Skip to contents

Introduction

The launch_taxonomic_match_app() function provides an interactive Shiny application for standardizing taxonomic names against the Central African plant taxonomic backbone database. This visual interface is ideal for:

  • Exploring and cleaning taxonomic data interactively
  • Understanding match quality through visual feedback
  • Manually reviewing uncertain matches
  • Enriching data with species-level traits

Prerequisites

Before launching the app, ensure you have:

  1. Database credentials configured (see setup_db_credentials())
  2. Data to standardize in one of these formats:
    • Excel file (.xlsx, .xls)
    • CSV file (.csv)
  3. A column containing taxonomic names (e.g., genus + species) or separate columns for genus, species, and family

Quick Start

Launch the app with a single command:

Alternatively, pre-load your data:

# With R data.frame
my_data <- read.csv("tree_inventory.csv")
launch_taxonomic_match_app(data = my_data, name_column = "species_name")

# Adjust fuzzy matching sensitivity (default is 0.7)
launch_taxonomic_match_app(min_similarity = 0.5)  # More permissive matching

Step-by-Step Walkthrough

Phase 1: Initial View

When you first launch the app, you’ll see the main interface with a sidebar for configuration and tabs for different workflow phases:

Application initial view
Application initial view

The app uses a tabbed workflow that guides you through each phase sequentially:

  1. Auto Match - Automatic matching
  2. Review - Manual review of unmatched names
  3. Export - Download results
  4. Traits Enrichment - Add species traits

Phase 2: Upload Your Data

The first step is to provide your data.
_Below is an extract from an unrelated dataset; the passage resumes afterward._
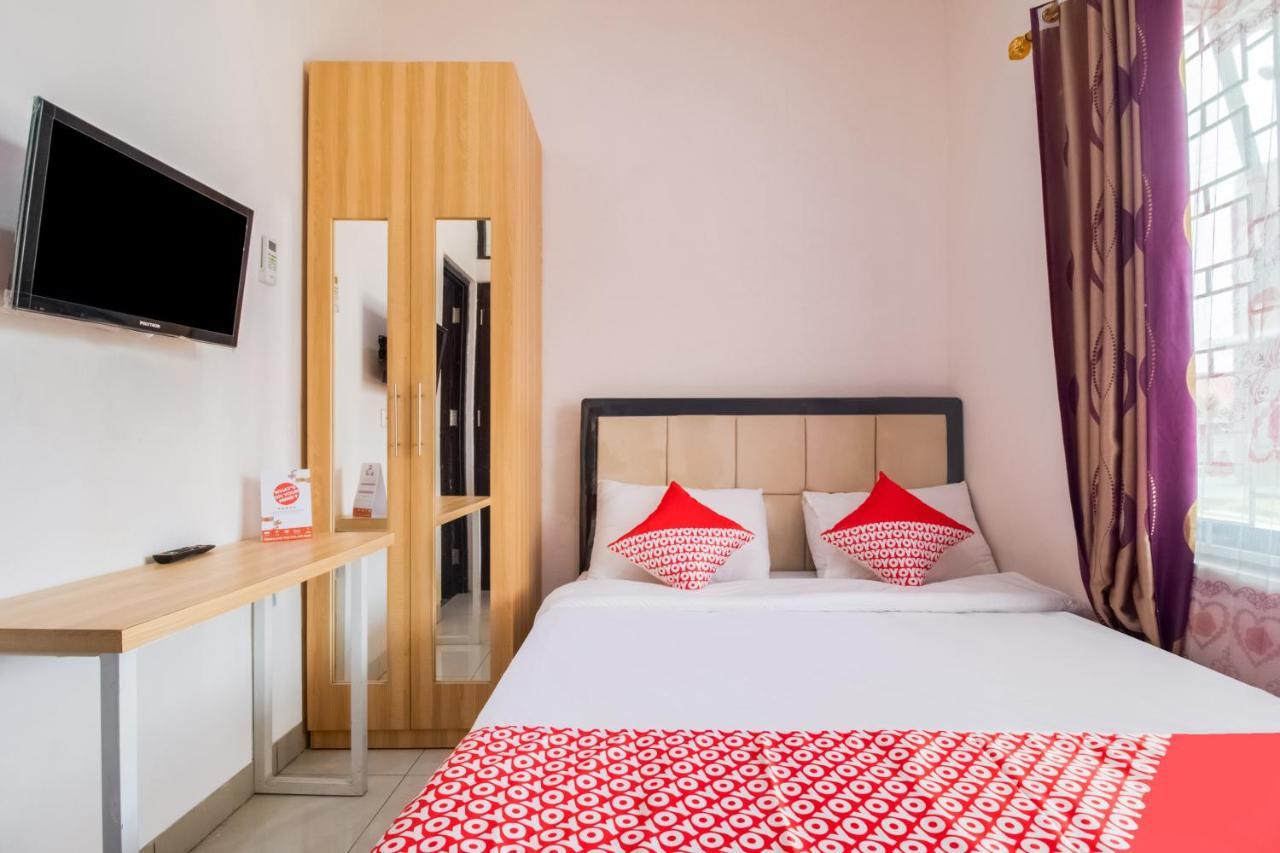 Oyo 3256 Rukost I8 Hotel Karawang Kültér fotó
The app offers two input methods:

File Upload (Default)

  • Upload an Excel file using the file browser (supports .xlsx, .xls)
  • Upload a CSV file
  • Use pre-loaded R data (if you passed data parameter)
Data upload interface
Data upload interface

For Excel files with multiple sheets, you can select which sheet to use. The app will display a preview of your uploaded data so you can verify it was read correctly.

Text Input (Copy-Paste) - NEW

For quick standardization of a few names, or when you have a list copied from another source, use the Text input method:

Text input interface
Text input interface
  1. Select “Text input (paste/type)” from the input method radio buttons
  2. Paste or type your taxonomic names in the text area
  3. Click “Load names” to process the input

Accepted separators: - One name per line (recommended) - Comma-separated: Lophira alata, Terminalia superba, Aucoumea klaineana - Semicolon-separated: Lophira alata; Terminalia superba; Aucoumea klaineana - Tab-separated (useful when pasting from Excel)
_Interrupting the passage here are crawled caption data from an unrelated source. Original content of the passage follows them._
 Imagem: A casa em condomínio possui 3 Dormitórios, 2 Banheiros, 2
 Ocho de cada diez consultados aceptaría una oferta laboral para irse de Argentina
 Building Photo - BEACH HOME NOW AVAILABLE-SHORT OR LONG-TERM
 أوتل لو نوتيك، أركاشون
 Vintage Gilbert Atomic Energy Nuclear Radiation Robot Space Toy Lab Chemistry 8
The app automatically: - Removes empty lines and whitespace - Removes duplicate names (preserving order) - Creates a single column named taxon_name for matching

This method is ideal for: - Quick checks of a few species names - Pasting lists from emails or documents - Testing the app without preparing a file

Phase 3: Select Name Column(s)

Once data is loaded, you have two options for selecting taxonomic names:

Single Column Mode (Default)

Select one column containing the full taxonomic name:

Column selection - single mode
Column selection - single mode

The dropdown menu shows all available columns from your dataset. Choose the one containing species names (typically formatted as “Genus species” or “Genus species Author”).
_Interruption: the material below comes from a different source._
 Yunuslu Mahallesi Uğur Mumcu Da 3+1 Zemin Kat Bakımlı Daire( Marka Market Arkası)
Multiple Column Mode (NEW)

If your data has separate columns for genus, species, and family, enable “Use multiple columns”:

Column selection - multiple columns
Column selection - multiple columns

The app will automatically combine these columns into a single taxonomic name for matching, using a hierarchical approach: - If genus and species are available: “Genus species” - If only genus: “Genus” - If only family: “Family”

You can also optionally include an author column.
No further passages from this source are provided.